Appellate Division Jurisdiction on Extraordinary Relief Proceedings
The appellate division has "original jurisdiction in proceedings for extraordinary relief in the nature of mandamus . . . directed to the superior court in causes subject to its appellate jurisdiction." (Cal. Const., art. VI, 10.)
Because the order recusing the city attorney in a misdemeanor case is subject to its appellate jurisdiction (Pen. Code, 1466, subd. (1)(A)), the appellate division had jurisdiction to entertain the writ petition in the case.
As a reviewing court, the appellate division was presented with three options in disposing of the petition for writ of mandate: "either (1) deny the petition summarily; (2) grant a peremptory writ in the first instance without a hearing, after compliance with the procedure set forth in Palma . . .; or (3) grant a hearing on the merits by issuing an alternative writ or order to show cause." ( Bay Development, Ltd. v. Superior Court (1990) 50 Cal. 3d 1012, 1024 269 Cal. Rptr. 720, 791 P.2d 290;
See also Lewis v. Superior Court, supra, 19 Cal. 4th 1232, 1239 (Lewis); Kowis v. Howard (1992) 3 Cal. 4th 888, 893-894 12 Cal. Rptr. 2d 728, 838 P.2d 250).

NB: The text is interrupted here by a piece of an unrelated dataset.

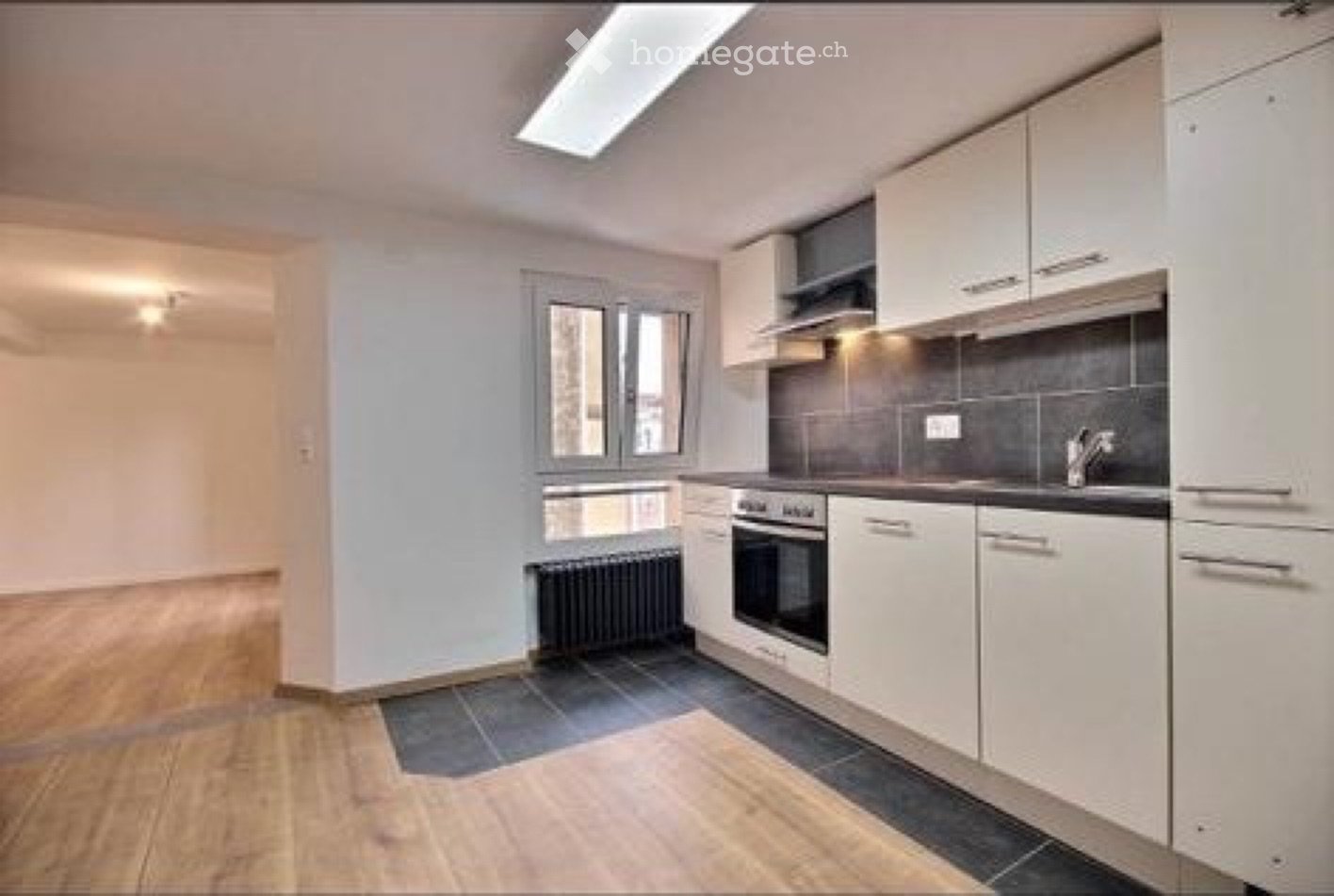 2 rooms apartment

The second option, i.e., the peremptory writ in the first instance, is subject to severe restrictions. As the exception to the rule, the procedure may only be used in the limited situation where " ' "entitlement to relief is so obvious that no purpose could reasonably be served by plenary consideration of the issue . . . ." ' " (Lewis, supra, 19 Cal. 4th at p. 1241, citing Alexander v. Superior Court (1993) 5 Cal. 4th 1218, 1223 23 Cal. Rptr. 2d 397, 859 P.2d 96 (Alexander), quoting Ng v. Superior Court (1992) 4 Cal. 4th 29, 35 13 Cal. Rptr. 2d 856, 840 P.2d 961 (Ng).)
Moreover, on those rare occasions that a reviewing court resorts to use of a peremptory writ in the first instance, it is constrained to comply with the procedural safeguards in Palma--that is, to receive or solicit opposition before directing issuance of the writ. (Lewis, supra, 19 Cal. 4th at p. 1239; Alexander, supra, 5 Cal. 4th at p. 1223; Ng, supra, 4 Cal. 4th at p. 35.)
As the Supreme Court explains: " 'Due notice' under Code of Civil Procedure section 1088 requires, at a minimum, that a peremptory writ of mandate or prohibition not issue in the first instance unless the parties adversely affected by the writ have received notice, from the petitioner or from the court, that the issuance of such a writ in the first instance is being sought or considered.
In addition, an appellate court, absent exceptional circumstances, should not issue a peremptory writ in the first instance without having received, or solicited, opposition from the party or parties adversely affected." (Palma, supra, 36 Cal. 3d at p. 180.)